Initiated by a core group of grassroots activists from Brazil and France, the WSF is “a space for discussing alternatives, for exchanging experiences and for strengthening alliances between social movements, unions of the working people and NGOs.” With the vision that “Another World Is Possible,” WSF evolved as an answer to the snowballing international movement against capitalist-led globalisation. It was a historic event, auspicious even, since it “sprang from global activism on behalf of huge grassroots constituencies.”3 Initially held to challenge the World Economic Forum in Davos, Switzerland in January 2001, participation ballooned from around 20,000 in Porto Alegre, Brazil, where it has been held yearly since 2001, to 150,000 during the 4th WSF in India in 2004. This increase could be considered a testimony to the dynamism of traditional activist movements and culture toward more change, innovation, openness and creativity.

While this new global resistance space that is the WSF also creates new problematiques and tensions owing to the diversity of frameworks and contexts among the gathered organisations, many remain hopeful. “The aim is never to come to some final agreement, rather to arrive at moments of consensus for particular actions and projects, and to clarify perspectives and visions strengthening the reality of a new transformative subjectivity,” suggests a paper by Transform!-Europe.

“Any risk… is best avoided by remaining firm in our beliefs: in the deep crisis of the present economic and political system which, if not challenged, could produce a crisis of civilisation; in the radically new character of subjects of social transformation that are emerging to challenge the irrationality of the ruling order; in the impossibility of this new antagonistic subjectivity emerging and constituting itself through the existing political institutions; and finally, in the ability of these new movements to constantly renew themselves through struggle and conflict and in the process, to create new social and political relationships.”4

Impetus to Transnational Feminist Organising
While the WSF itself is a progressive undertaking, it still is, unfortunately, a male-dominated space, with the women’s movements initially inhabiting the margins. Candido Grzybowski, member of the WSF organising committee and Director of the Brazilian Institute of Social and Economic Analyses (IBASE), lamented the Forum’s limitation. “Women were just 43 percent of WSF delegates, although they make up over 50 percent of the world’s population!... Women are a ‘minority’ created by ourselves within civil society. With respect to that, there is no point in blaming capitalism, neoliberalism, globalisation, exclusionary states, etc. This is a major problem that is engendered, developed, and maintained in the culture of civil society itself.”5
On top of this marginalisation, the feminist movements—with their diverse perspectives, locations and experiences—are already faced with multiple challenges of globalisation, fundamentalism, war and militarisation. In the current geo-political context, there was a need to understand these phenomena that pose threats to women’s rights and to discuss the many dimensions of our identities and struggles as women, as well as to engage much more with other global social justice movements.6 The WSF 2004 in Mumbai was within sight, and a group of feminists believed that the time was ripe to move forward with transnational feminist organising7, not around specific campaigns, but to carve out a space for political discussions and sharing of analyses and common actions among feminist organisations. Transcending national boundaries, the FD is an effort towards strengthening the feminist movements’ abilities to organise and resist, to soften or even reverse the blows of globalisation. Thus was the Feminist Dialogues born. 

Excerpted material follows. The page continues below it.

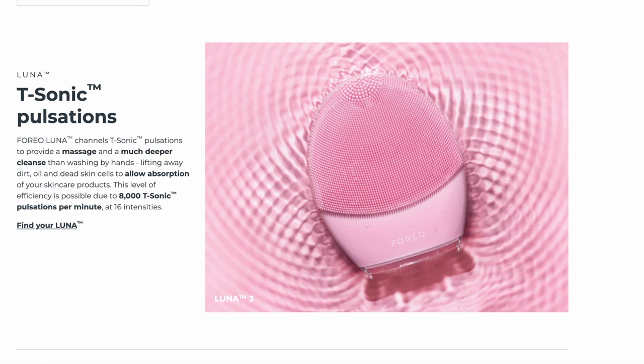The waterproof silicone-clad Luna features sonic pulsations which add to the cleansing power of these super soft silicone bristles. If you turn it over, the ridge side can be used for facial massage, with Foreo saying the pulsations will also keep your skin toned because you're doing all the right things we know are good for collagen and elastin production by boosting blood flow to your skin and exciting the skin cells.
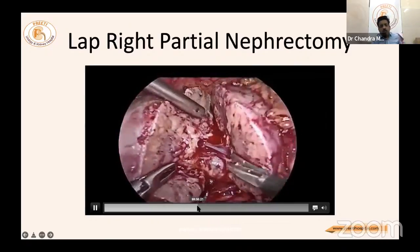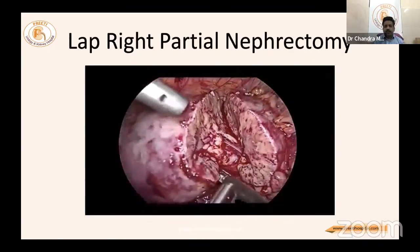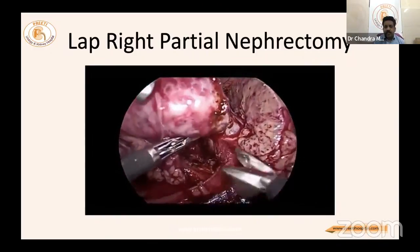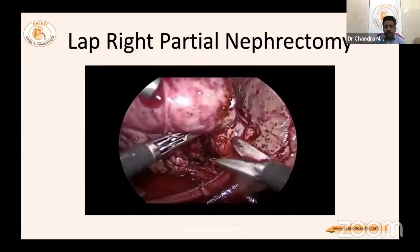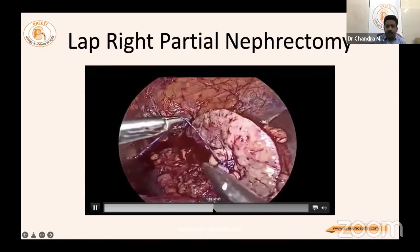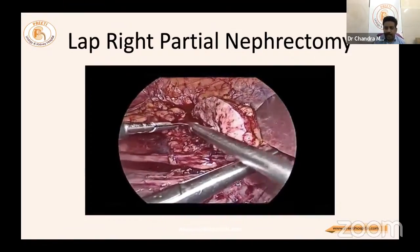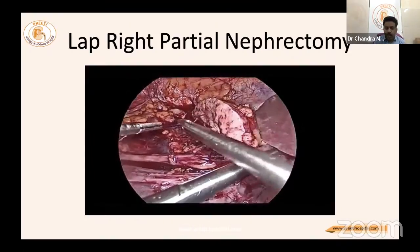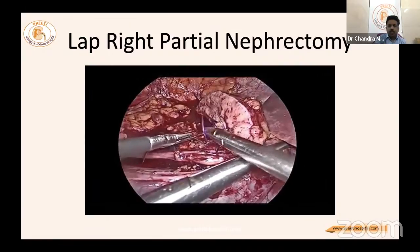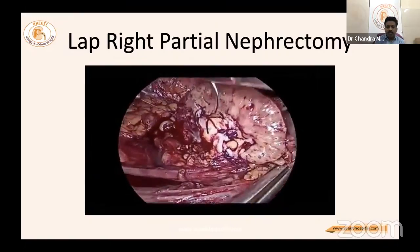The kidney is cut exactly in the center, identifying all structures. The tumor is seen going close to the hilum and is divided after identification. The PCS is then sutured — as in both other malignant cases — because in hemi nephrectomy, suturing of the PCS is invariably essential.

“We are here, because we were capable of co-ordinating work and ideas, and many dreams — those dreams are the ones that enable those of us here, and those who are not here, to build the movement, and a new world.”
— Lucy Garrido, Articulacion Feminista Marcosur (AFM)8

While Feminist Dialogues agrees with the WSF principle of opposing neo-liberalism and domination of the world by capitalism, all forms of imperialism and cultural hegemony, it is an autonomous event that also stands against oppression and discrimination on the basis of gender, race, ethnicity, class, caste, nationality and sexual orientation.9 Historically, the Feminist Dialogues is an offshoot of a 2003 Women’s Strategy Meeting that was held under a tree because of, ironically, lack of available space during the 3rd WSF in Porto Alegre. This meeting, which gathered over 50 women, came after the invisibility of feminist perspectives and concerns within the WSF was first articulated.10 Gigi Francisco of Development Alternatives with Women for a New Era (DAWN) traces the Femnist Dialogues further back to the second WSF in 2002 where women in attendance held a “lightning rally” to draw attention to the implications of the Global Gag Rule11 on women’s reproductive rights. This demonstration brought the issue of abortion to the forefront of the WSF, which many of the (mostly male) members of the organising committee did not consider as a priority.12

The organising efforts of colleagues from the Articulacion Feminista Marcosur (AFM), who organised a women’s caucus within the WSF International Coordinating Council, and the intense lobbying of Indian women’s organisations gathered under the National Network of Autonomous Women’s Groups (NNAWG), enabled the core group to gain more visibility and inclusion of feminist concerns in 4th WSF. Slowly, these gains are being consolidated.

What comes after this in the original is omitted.